_Data records_:
* * * * *

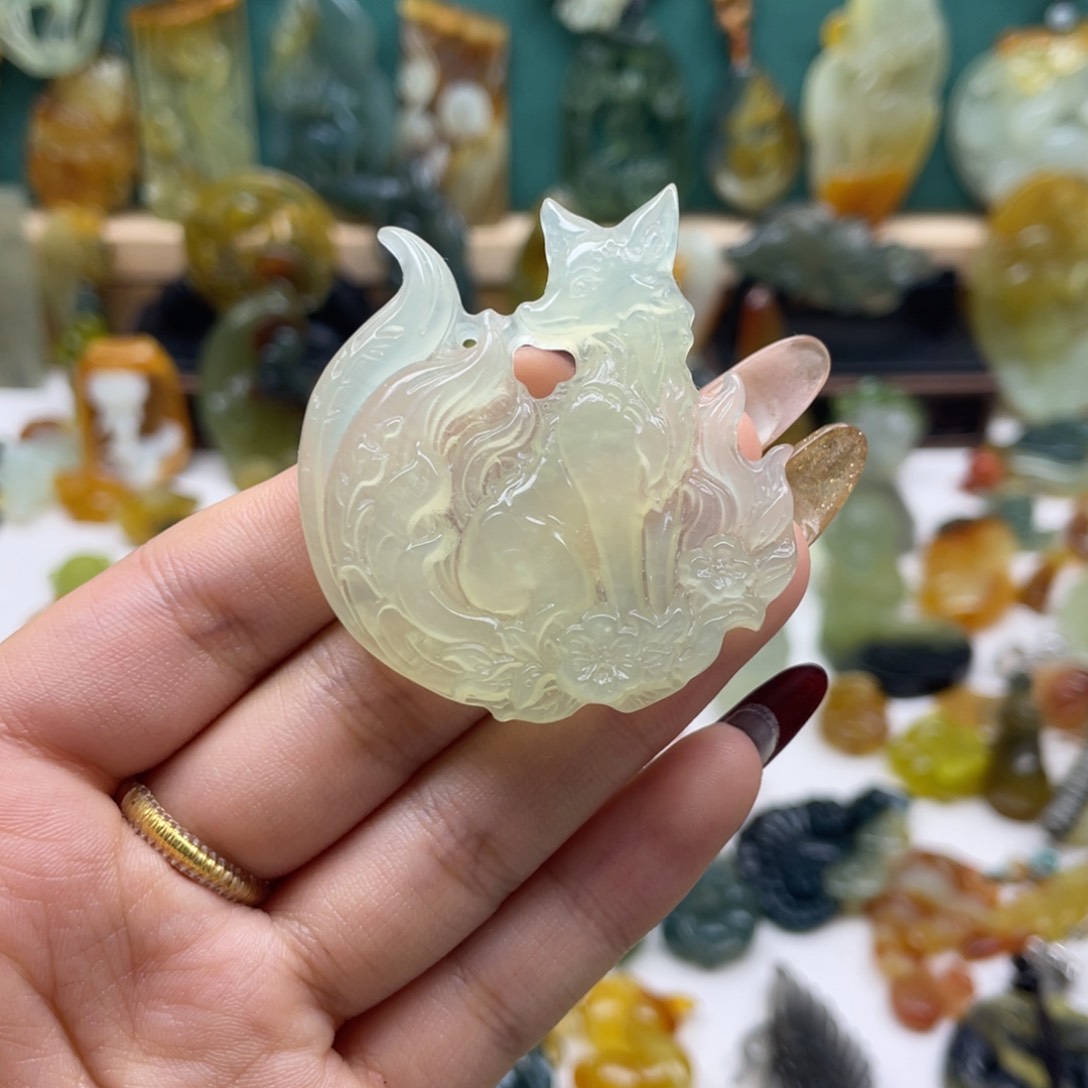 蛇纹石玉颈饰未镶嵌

* * * * *

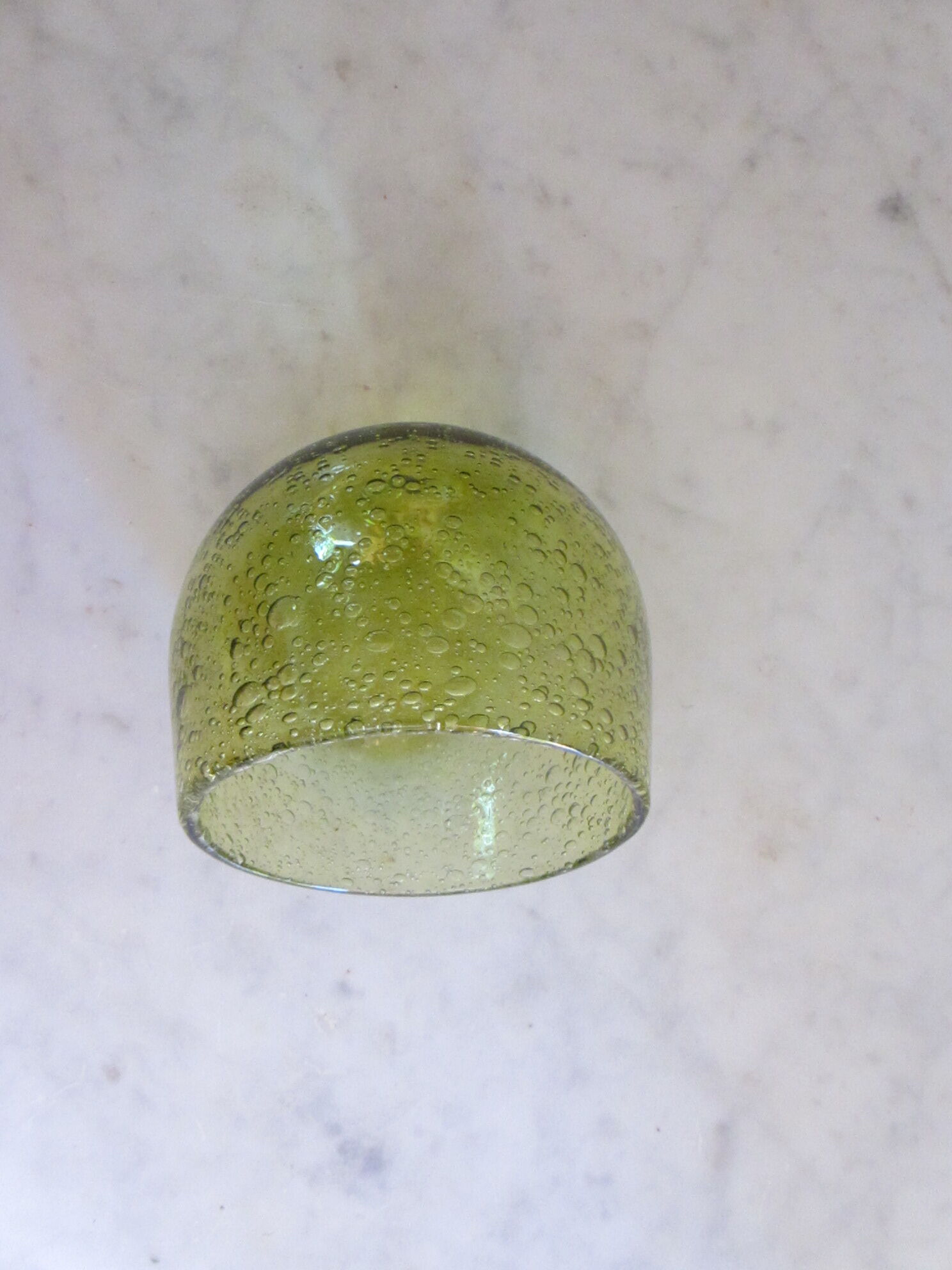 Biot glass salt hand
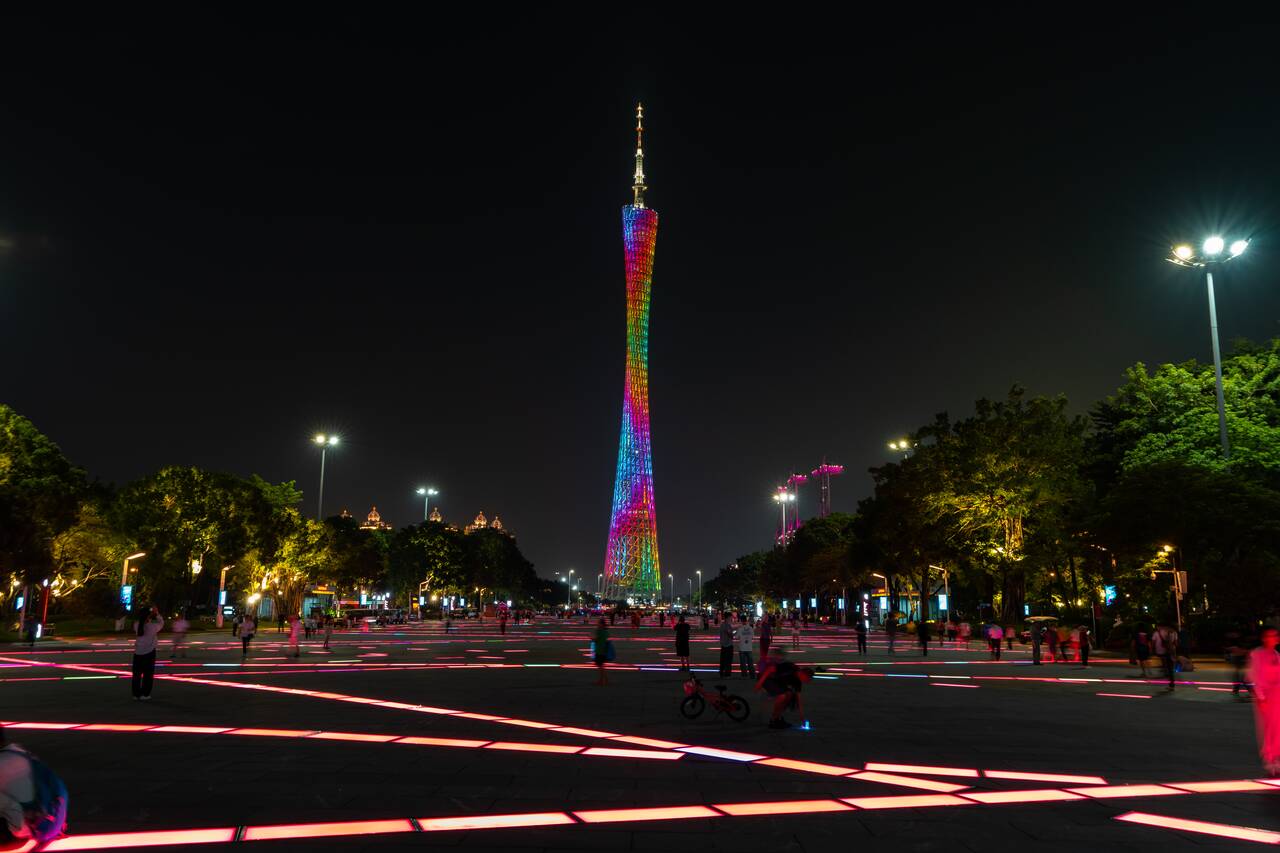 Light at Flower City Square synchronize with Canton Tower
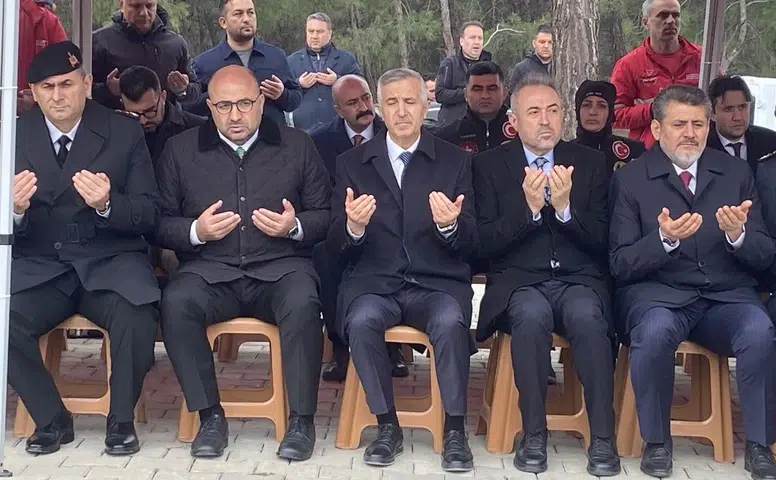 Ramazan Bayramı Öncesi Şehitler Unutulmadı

* * * * *

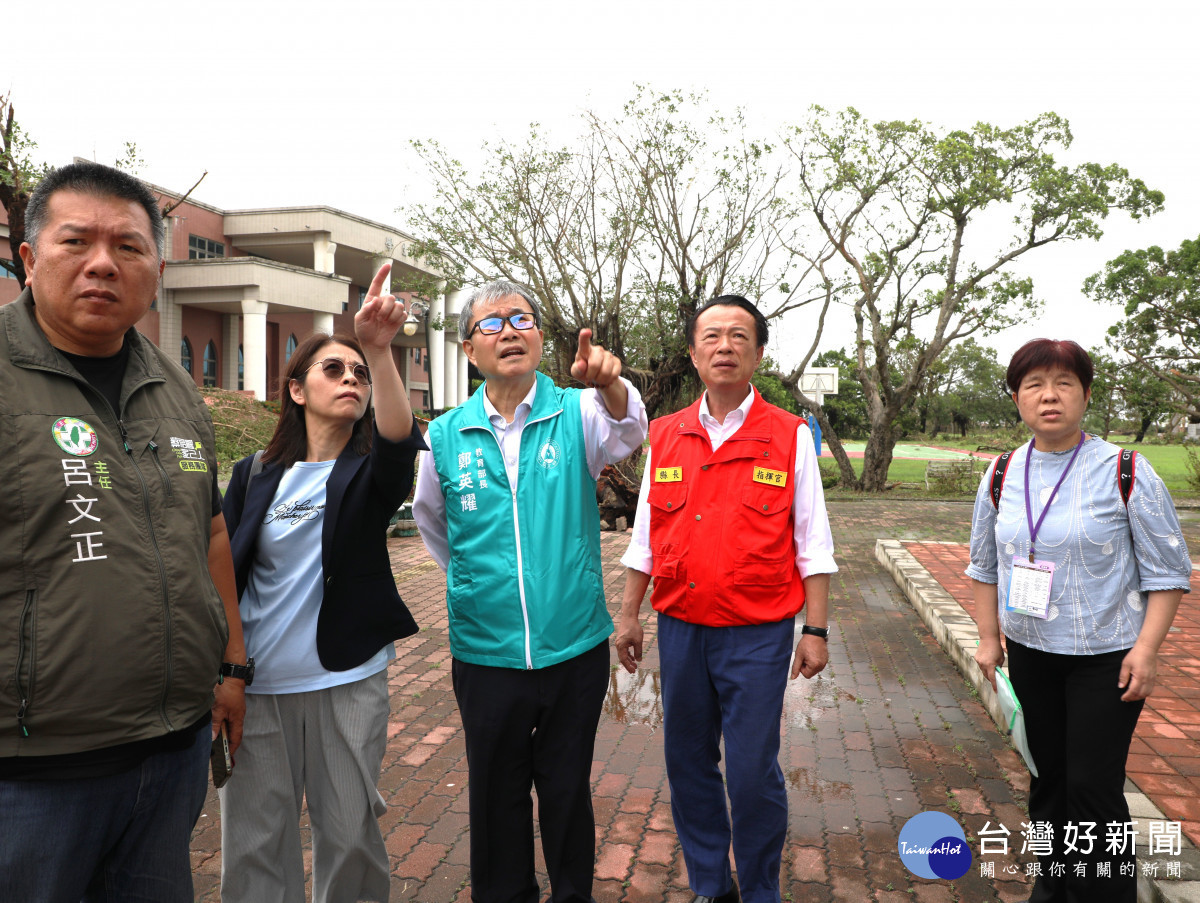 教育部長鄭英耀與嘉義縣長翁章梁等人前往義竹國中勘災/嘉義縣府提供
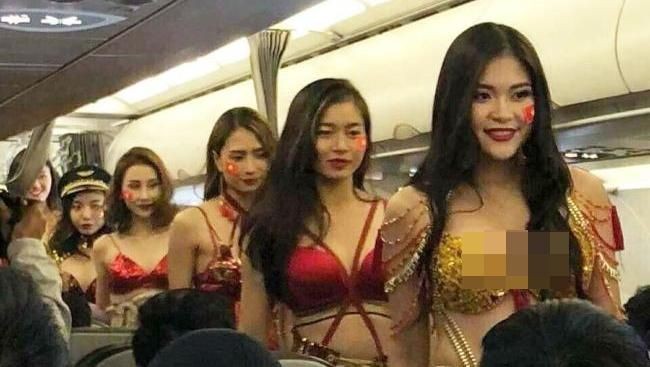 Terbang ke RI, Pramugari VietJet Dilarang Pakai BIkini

* * * * *

_To do_: For this task, return exactly the stretch of the listing above from the line with "Light at Flower" through the line with "Ramazan Bayramı Öncesi Şehitler Unutulmadı", inclusive and without pictures.

_Exercise solution_:
 Light at Flower City Square synchronize with Canton Tower
 Ramazan Bayramı Öncesi Şehitler Unutulmadı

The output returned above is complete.